His method to develop leaders has always been mentoring and this is where women have difficulties. Since the Church’s inception, leaders have been warned and censured against the dangers of relating with any woman, each of whom must be judged guilty as a seductress until proven innocent, something which is difficult to do when you’re being shunned. While the world has found ways to develop feminine leadership in every sector of society without illicit affairs being the inevitable consequence, the Church has developed a siege mentality, addressing its fears of moral failure by cloaking its women in the symbolic burqa of subjugation, anonymity, and rejection.
It’s interesting to note that this has made no difference at all to the degree of moral failure experienced by Church leaders; in fact it has heightened the problems because whenever religious doctrine emphasizes the rights of one people group over another, the way is opened for abuse of power. Sexual abuse of disciples, and the ongoing problem of adultery and immorality within the church proves this point well.

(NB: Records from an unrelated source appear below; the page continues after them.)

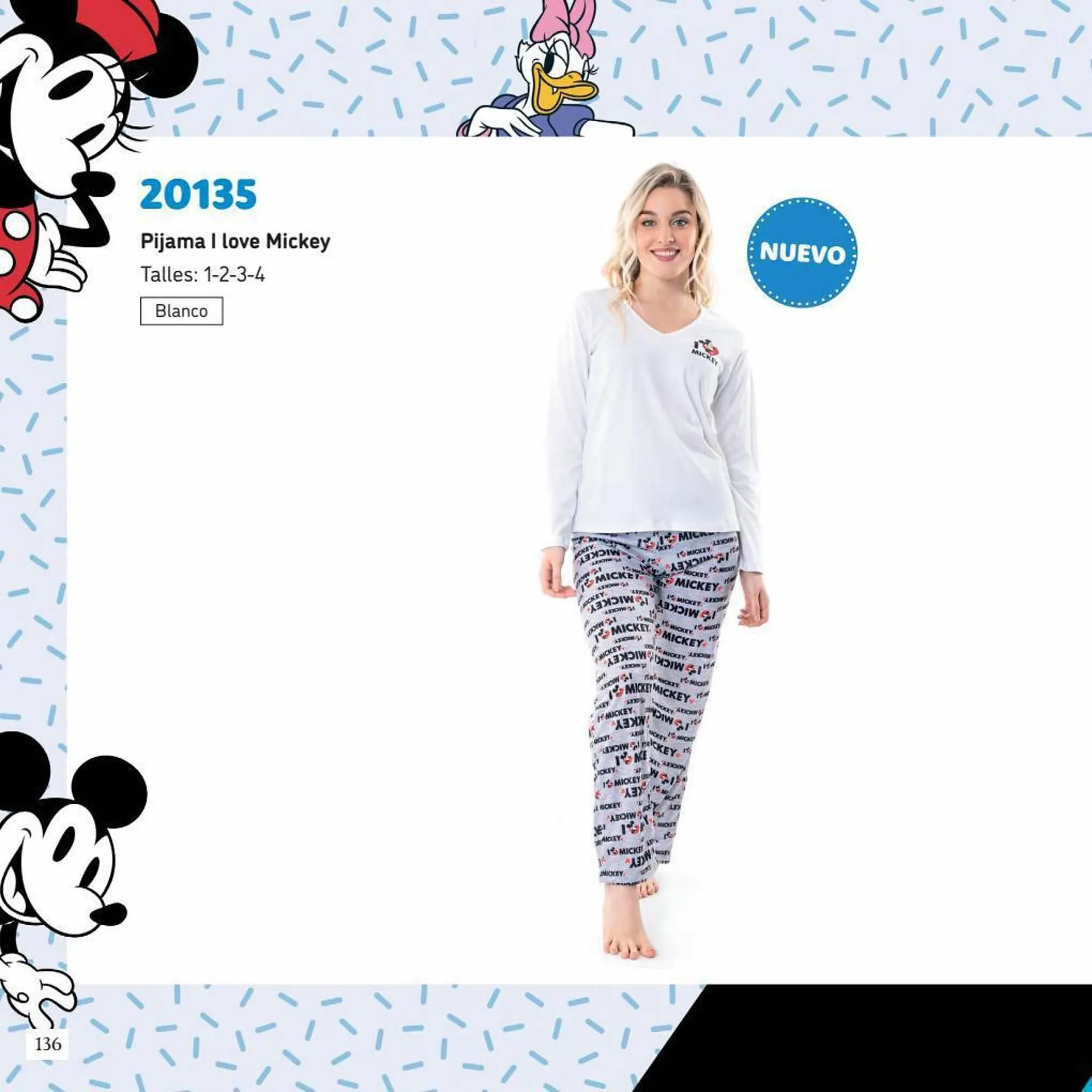 Ofertas de Catálogo Cocot 6 de marzo al 20 de septiembre 2023 - Página 136 del catálogo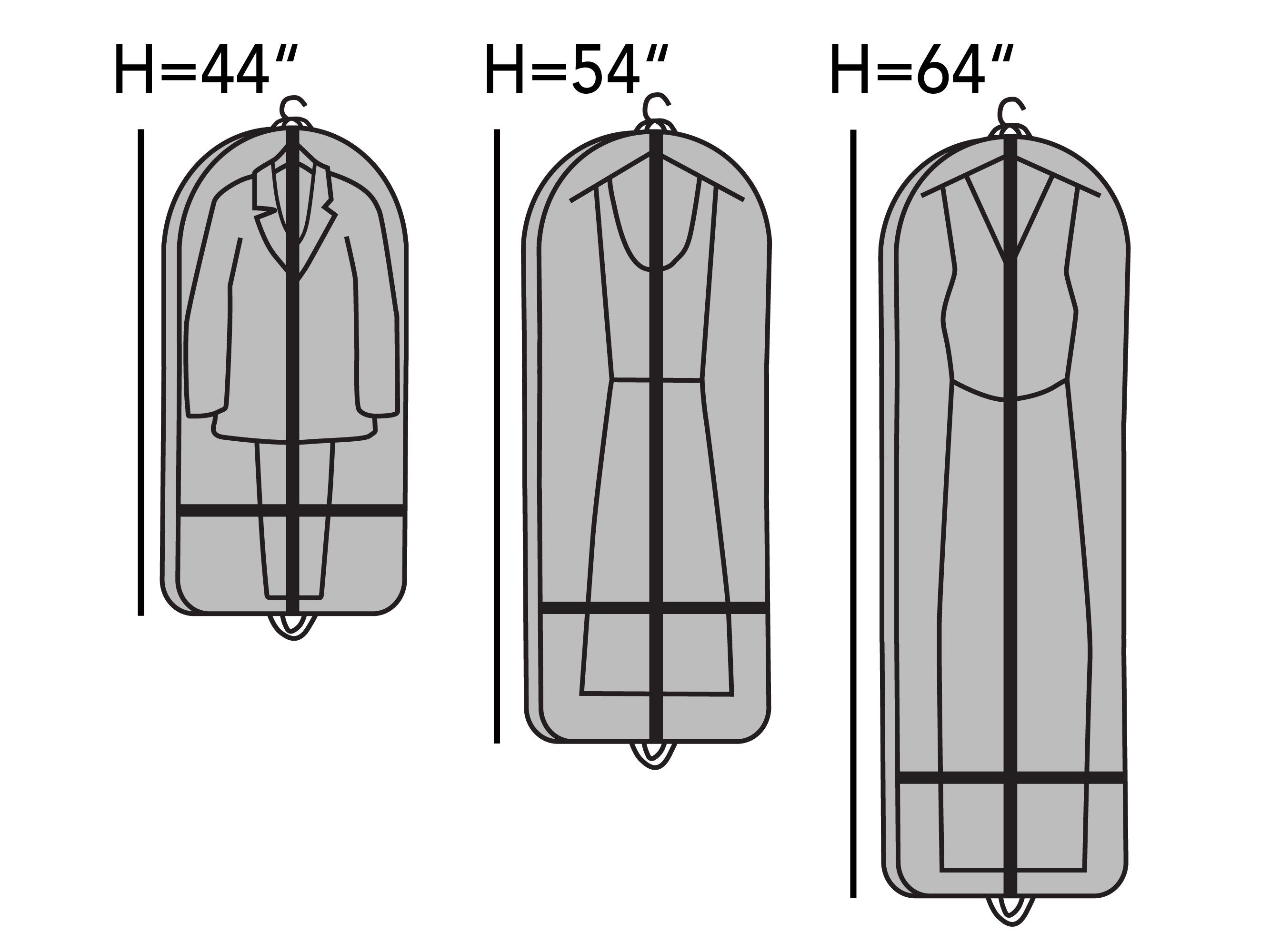 suit dress bag Garment Set Travel bag Size:18.5 - 36/37 Velvet Ruffle Twirl Dress Kopltyrfg Womens Dress Pants season clothes store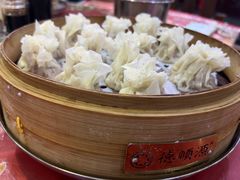 -德顺源非遗烧麦(大观园店)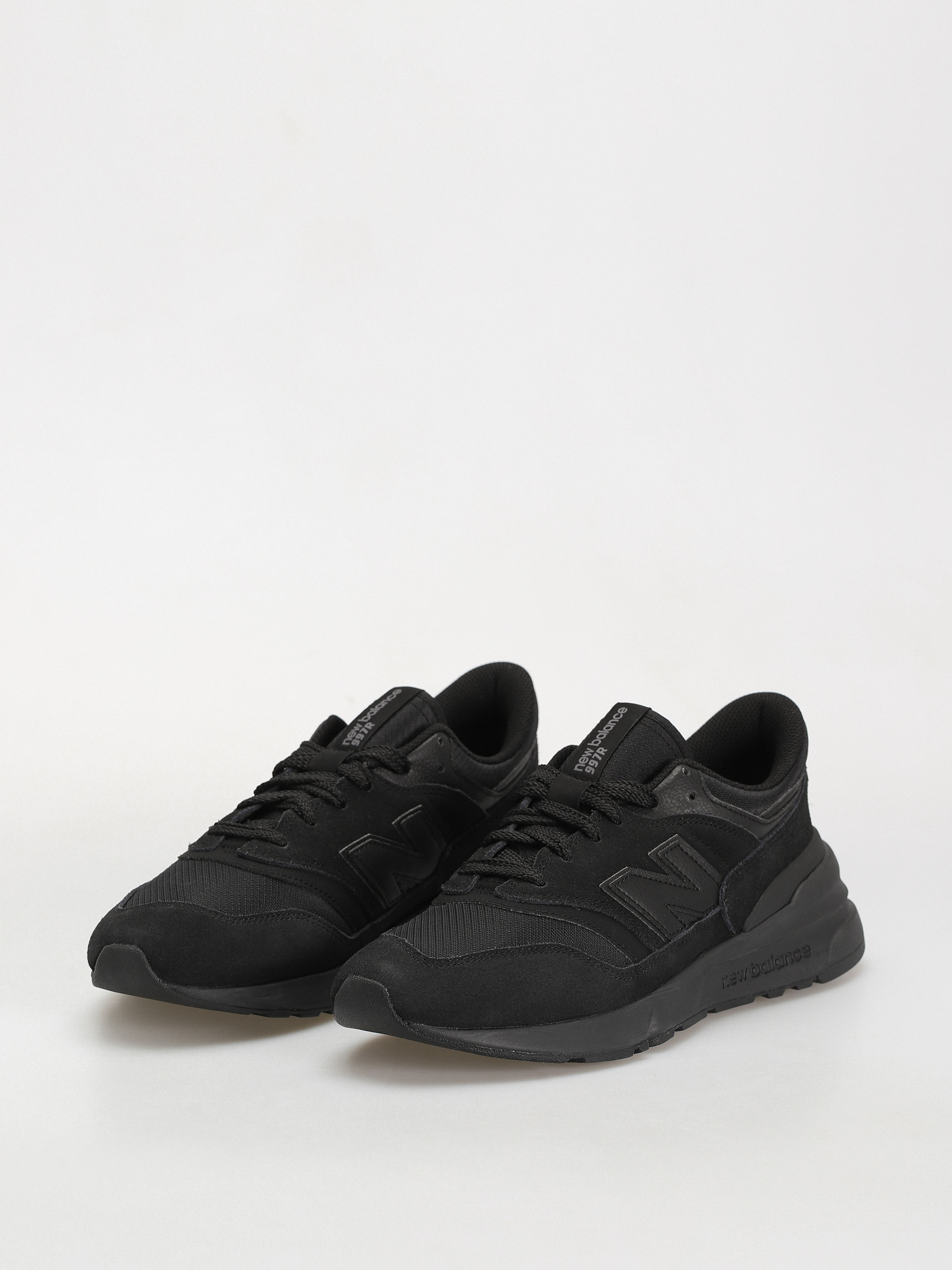 Buty New Balance 997 (black)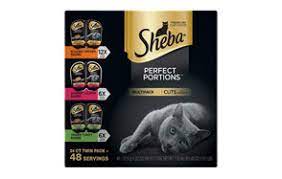 In january 2011 mars petcare us announced that the overall sheba cat food reviews and analysis. Sheba Cat Food Review My Pet Needs That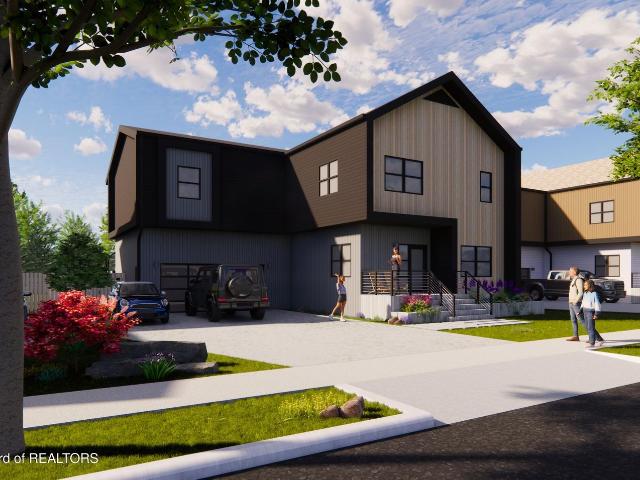 1595 JUSTIN Avenue, Victor, US, ID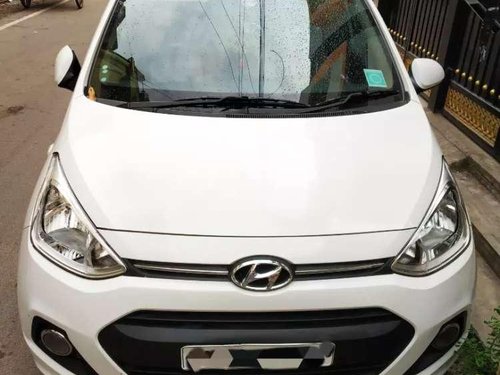 Used Hyundai Grand i10 MT for sale at low price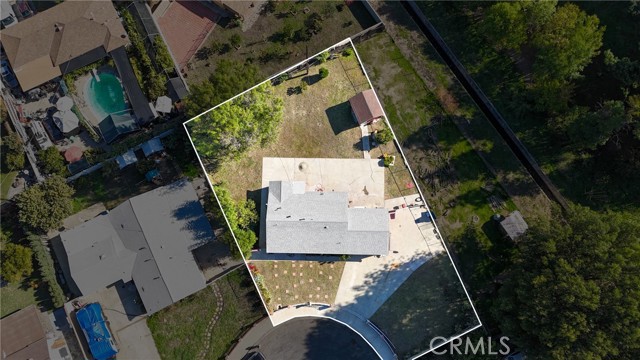 Detail Gallery Image 27 of 30 For 2596 Trudy, Pomona,  CA 91766 - 3 Beds | 1 Baths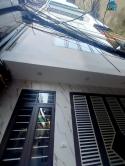 Bán nhà mới xây 4 tầng, 30m², Lĩnh Nam, Vĩnh Hưng, Hoàng Mai, 3.9 tỷ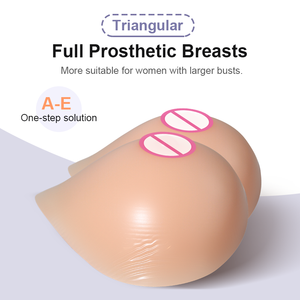 OEM/ODM 2 <span class=keywords><strong>en</strong></span> 1 : <span class=keywords><strong>Soutien</strong></span>-<span class=keywords><strong>gorge</strong></span> à poches avec prothèses mammaires <span class=keywords><strong>en</strong></span> <span class=keywords><strong>silicone</strong></span> et plastron mammaire <span class=keywords><strong>en</strong></span> <span class=keywords><strong>silicone</strong></span> pour femmes à poitrine petite - Product Image 3
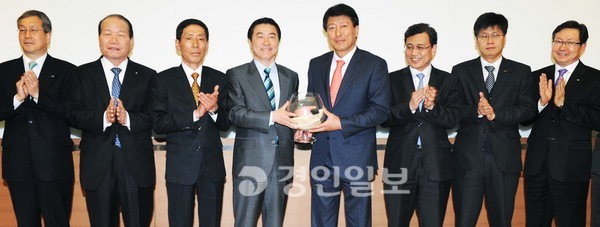 소매가 낮출 공동도매물류센터 조성을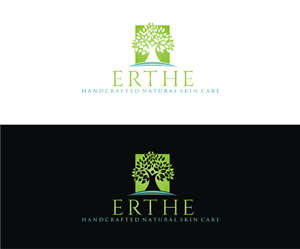 Logo-Design von T I K H E - L M W für The Essential Touch | Design #5790958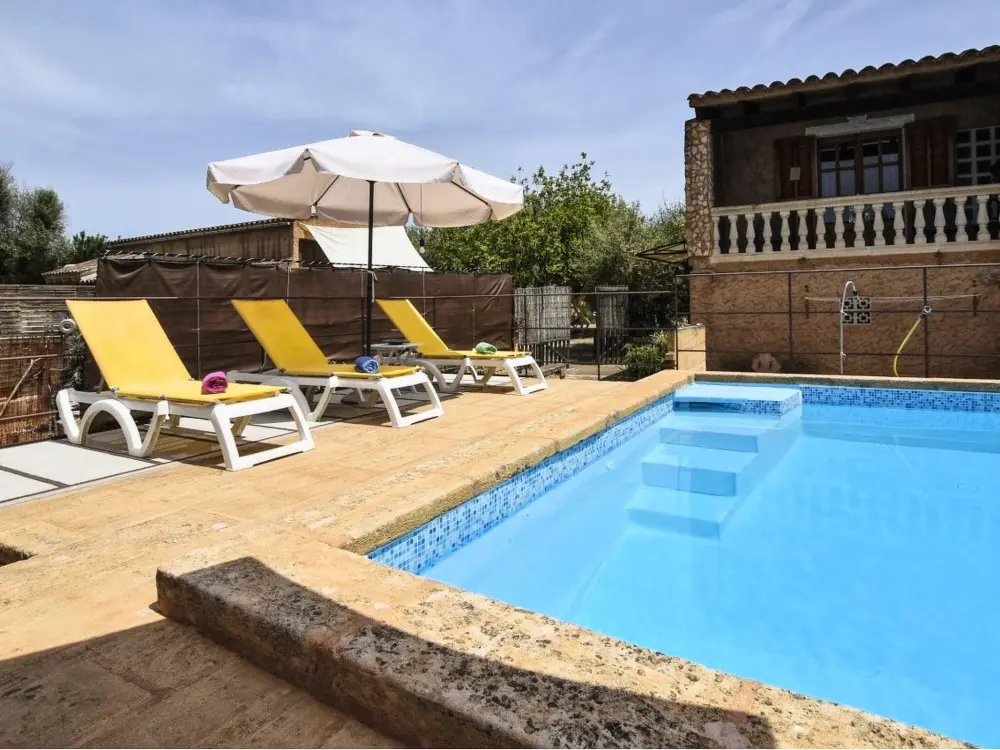 Maison de Vacances Manacor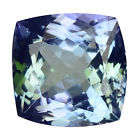 1.2 Ct REMARKABLE RAREST 100% NATURAL TOP BLUISH VIOLET TANZANITE GEMSTONES !!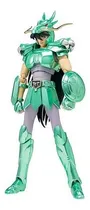 Comprar Saint Seiya Myth Cloth Dragon Shiryu 20th Armadura V1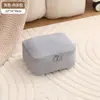 Bolsas de Armazenamento para Viagem Roupas Compressão Organizador de Mala Bolsa Portátil Roupas Íntimas Sacos de Embalagem Separados Bolsas para Viagem de Negócios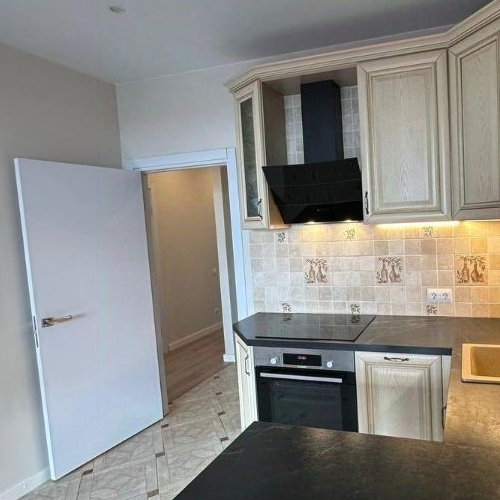 2-комн квартира 1-й Грайвороновский проезд, 1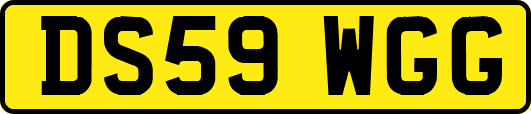 DS59WGG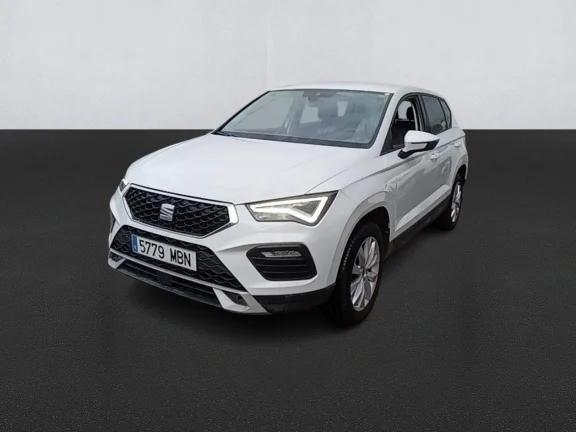 Seat Ateca 1.0 TSI 81kW (110CV) St&amp;Sp Style XM Eco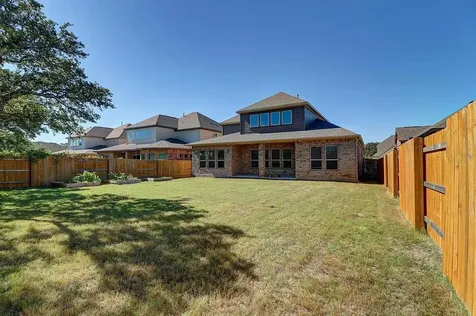 9308 Ivalenes Hope Drive Austin TX 78717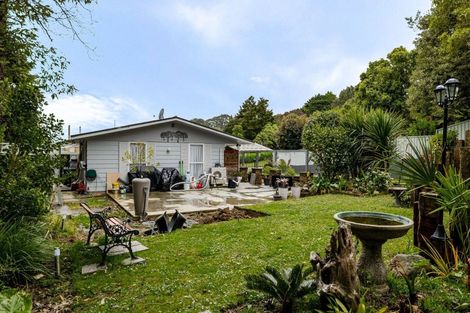 Photo of property in 46b Edward Street, Pahiatua, 4910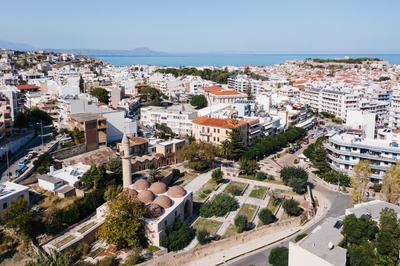 The City Hotel & Suites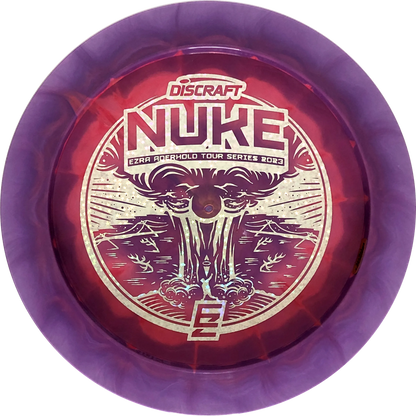 2023 Tour Series Ezra Aderhold Nuke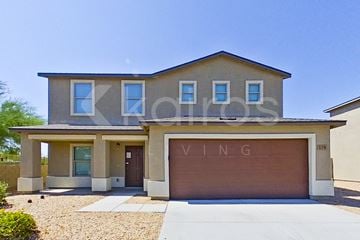 Casa Grande house for rent - 179 W Impala Pl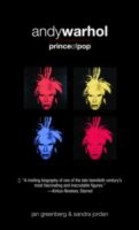 Andy Warhol, Prince of Pop (eBook)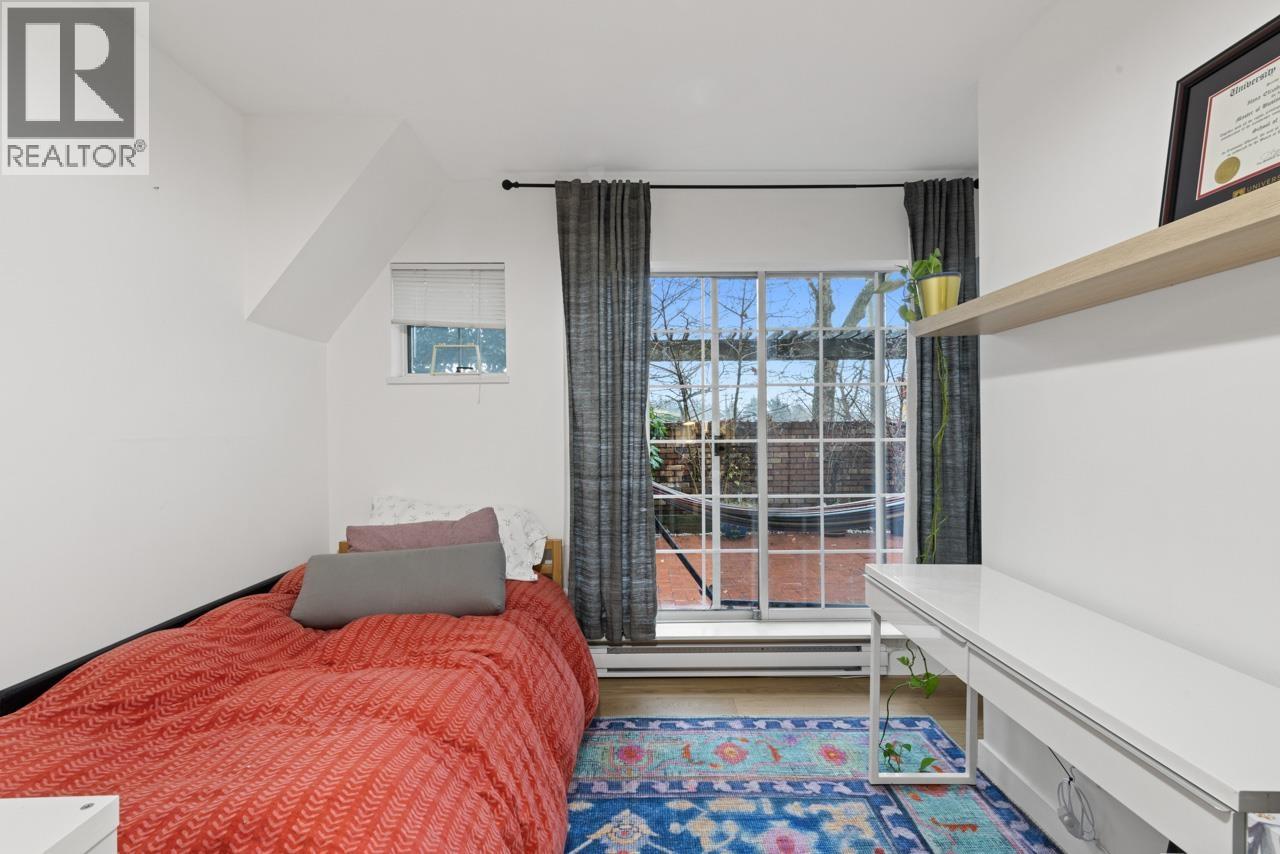 203 3401 Curle Avenue, Burnaby, British Columbia  V7S 1M7 - Photo 10 - R3078474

I do not know a single woman leader, and I include myself in this, who has not repeatedly experienced the ignominy of being ignored in conversations among leaders, been held at arm’s length by peers, and been overlooked for roles they are obviously highly qualified for, all because of the survival techniques developed by male leaders.
The fear of women and their potential as leaders has been allowed to operate in the Church far too long. One way that women can help themselves is to own their leadership call. While many women excel at cheering other women leaders on, when they are personally called to step up to the plate they are overcome with fear and feelings of inadequacy. The ‘imposter syndrome’ is too common among women. Statistics show that when responding to a job spec, if a man has more than 50 percent of the experience required he will go for the job. Women under the same conditions will generally not apply for the job unless they have 95-100 percent of the skills required. We undervalue our gifts and abilities and our fear of failure is so debilitating that we defraud the world of some really fine leaders.
Don’t wait for permission. Leadership entails leading, which requires decision-making. Not all of your decisions will be perfect, but you will learn from your mistakes if you’re not afraid of them, and people will learn as much from how you deal with pressure as they would if you got it right first time. Don’t be ashamed of your call. Don’t compare yourself with others.
For a woman to be an effective mentor, she must first acknowledge her own leadership call. It is from this point that she will be able to empower other women, not only to lead but also to encourage others.
Step up to the plate and be the leader you are designed by God to be. This is what it means to be an architect of Kingdom culture. It’s a new day, and the time is now.